Since the end of the 1990s, there has been a broad consensus regarding observations of an accentuation of social contrasts in the Paris metropolitan area, to the point that extreme terms such as “segregation” and “ghetto” are now frequently used in the public arena. Scientific debate, on the other hand, has focused on the theory of the “global city” and its corollary, the social and spatial polarisation of the metropolitan space (Sassen 1991), which draws a simplistic contrast between the beaux quartiers (wealthy districts), supposedly becoming ever more bourgeois, and neighbourhoods “in difficulty” that are apparently tending to become not only more homogeneous but also ever poorer (Maurin 2004). And yet, though such trends can be observed and indeed are highly visible, they do not tell the whole story, nor are they an inevitability. Other studies, for instance, have shown that the Paris metropolitan area appears to be moving away from this dichotomous model of the city, owing to the fact that, outside of these two extremes, the majority of private residential areas in the outer suburbs still appear to be inhabited mostly by middle-income households employed in non-managerial or manual jobs (Préteceille 2006).
How can we move beyond the apparent contradictions of these observations and consequently understand the dynamics, with all their territorial subtleties, that today underlie the complex social restructuring occurring in the Paris metropolitan area? Using exhaustive, localised social data, the aim is to identify the trajectories taken over time by different types of territories and by the spatial arrangement of these territories. In recent years, studies of this kind have been conducted in the Paris region, but, with a few notable exceptions (François et al. 2003), most of these use census data and therefore are concerned with socio-professional categories (Rhein 1998; Préteceille 2003).
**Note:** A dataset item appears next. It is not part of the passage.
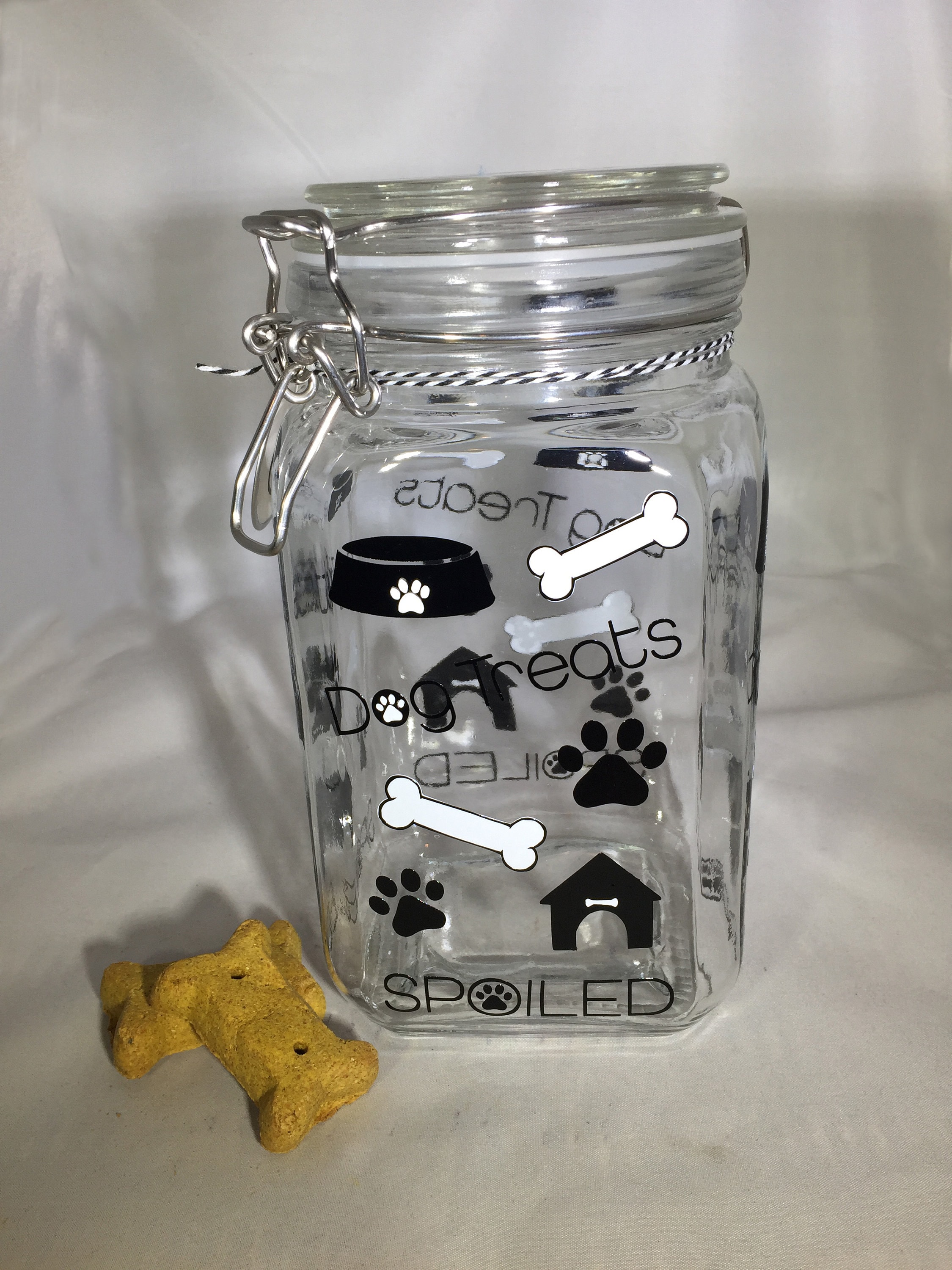 Personalized Dog Treat Jar Dog Treat Container Dog Biscuit Jar personalized-dog-treat-jar-dog-treat-container-dog-biscuit-jar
Our study [1] is based on a different choice, namely examining household income data for the Paris region. [2] This income-based approach was selected not only because it is generally complementary to approaches based on socio-professional categories (Chauvel and Chenu 2002), but also because of its propensity to provide comprehensive summaries. [3]
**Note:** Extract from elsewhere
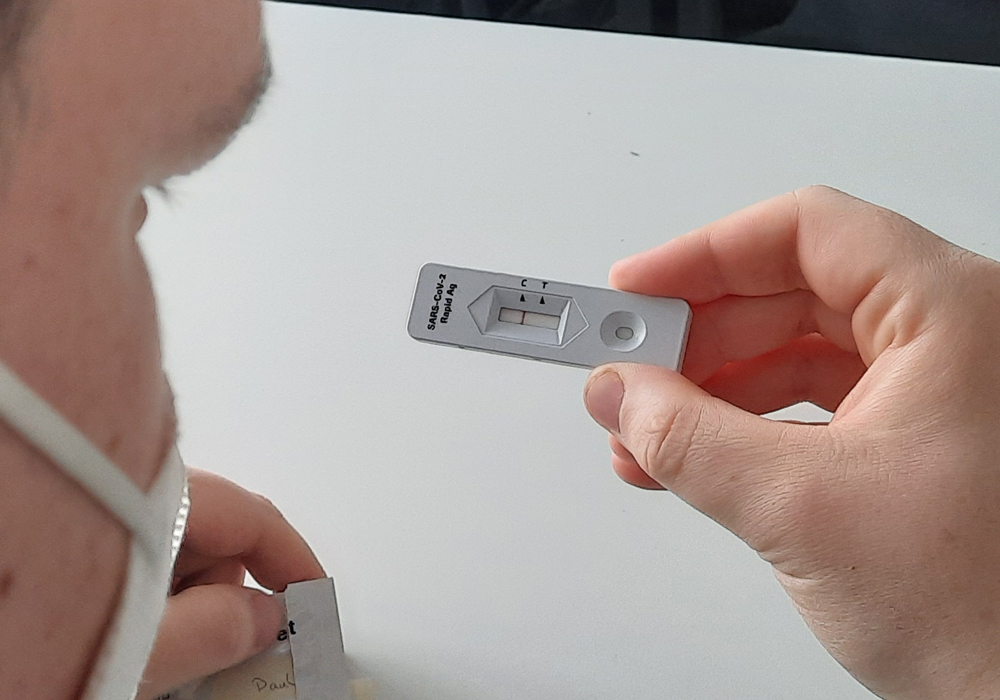 Erfolgreicher Einstieg ins Schnelltest-Szenario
Our observations concern the period between 1990 and 2007, with particular attention paid to the years from 1999 to 2007. A number of key points define the regional framework of overarching dynamics considered here. Generally speaking, the median income of households in the Paris region (which was already higher than in the rest of mainland France in 1990) has increased less rapidly since the start of the 2000s than in other regions (Aerts and Chirazi 2010). At the same time, the gaps between income levels in the Paris region have widened. Furthermore, unlike the trends observed in other regions, the lowest incomes have increased less rapidly than the highest incomes. Observations of changes in income per decile also show that the higher the income bracket, the greater the increase in income.
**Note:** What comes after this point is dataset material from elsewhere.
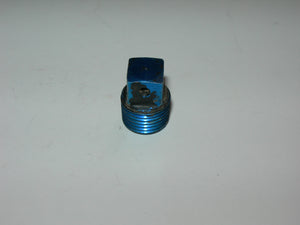Plug, Internal - Square Head - Drilled - 1/8" NPT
Although these very general trends define the broad lines of the changes under consideration here, they tell us nothing about the way these changes relate to the region’s spatial dynamics. And yet references to these dynamics are omnipresent in the public debates on the future of this major metropolitan region [4] (Schéma directeur de la région Île-de-France (regional master plan), the creation of a “Greater Paris” council, etc.). Here, we have chosen to draw attention to the territorial characteristics of the social dynamics at play, taking as our starting point the observation of inequalities in household income at the level of individual communes (municipalities). This allows us to identify both the social disparities present at local level and the spatial trends behind these disparities across the whole region (François et al. 2011). The municipal level also has the advantage of forming a relevant framework for various aspects of residents’ day-to-day life, as well as for political action, in view of the range of responsibilities assigned to communes in France. These observations will be followed by inframunicipal investigations at the neighbourhood level.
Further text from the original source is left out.